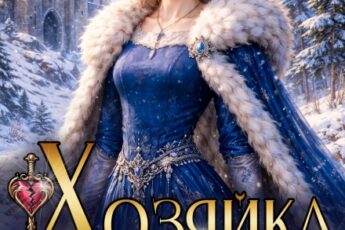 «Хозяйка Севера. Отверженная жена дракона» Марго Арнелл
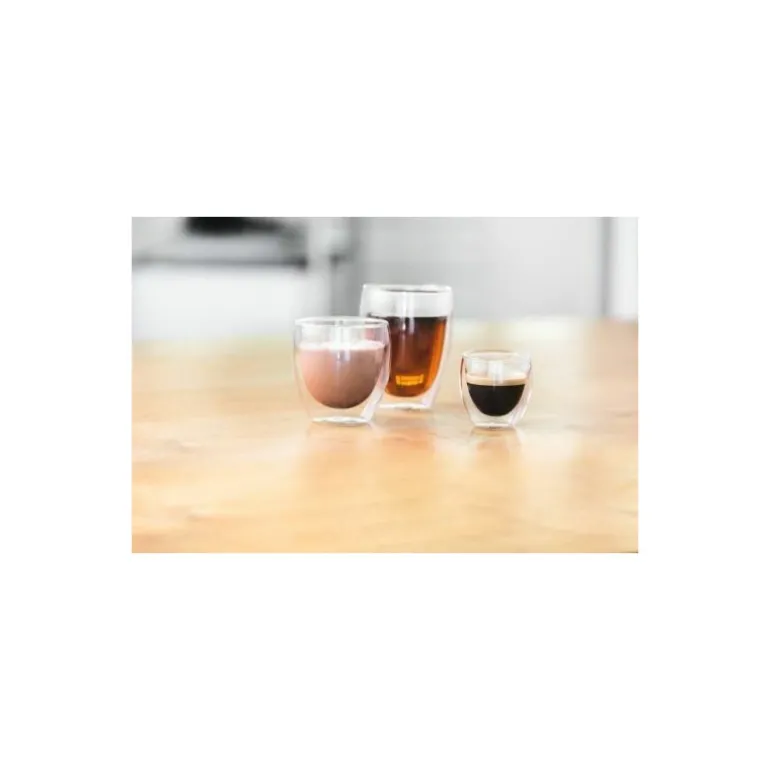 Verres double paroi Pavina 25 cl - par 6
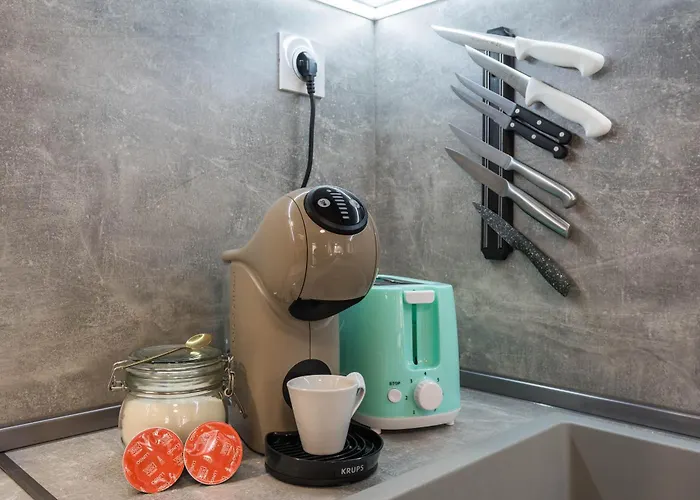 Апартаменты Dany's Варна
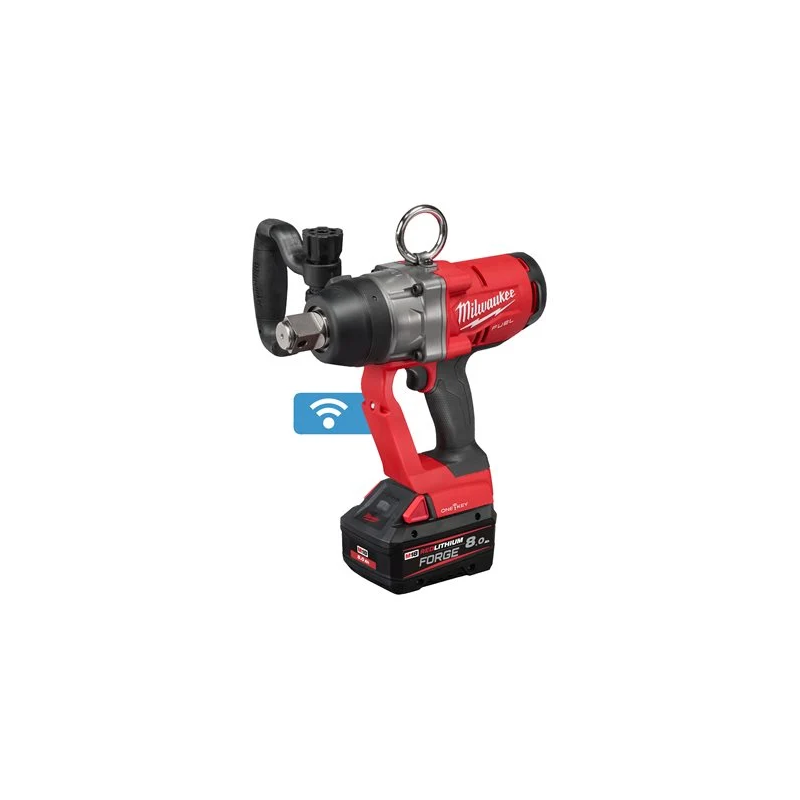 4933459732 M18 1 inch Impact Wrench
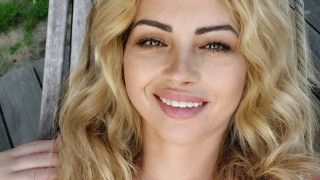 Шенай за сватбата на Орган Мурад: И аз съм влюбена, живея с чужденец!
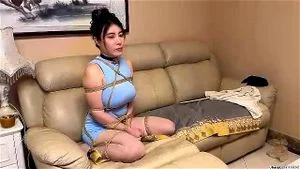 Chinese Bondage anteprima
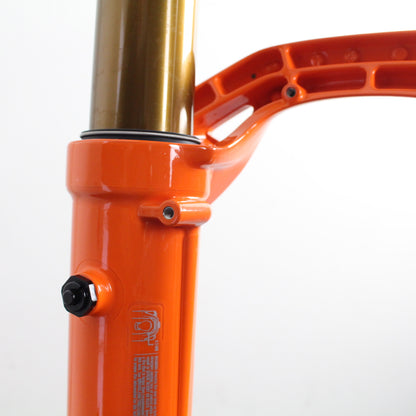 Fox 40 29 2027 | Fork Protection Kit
········
Please reproduce, word for word, only the lines from the line that holds "Chinese Bondage anteprima" through the final line of the entries above, omitting any pictures.

• Written reply
 Chinese Bondage anteprima
 Fox 40 29 2027 | Fork Protection Kit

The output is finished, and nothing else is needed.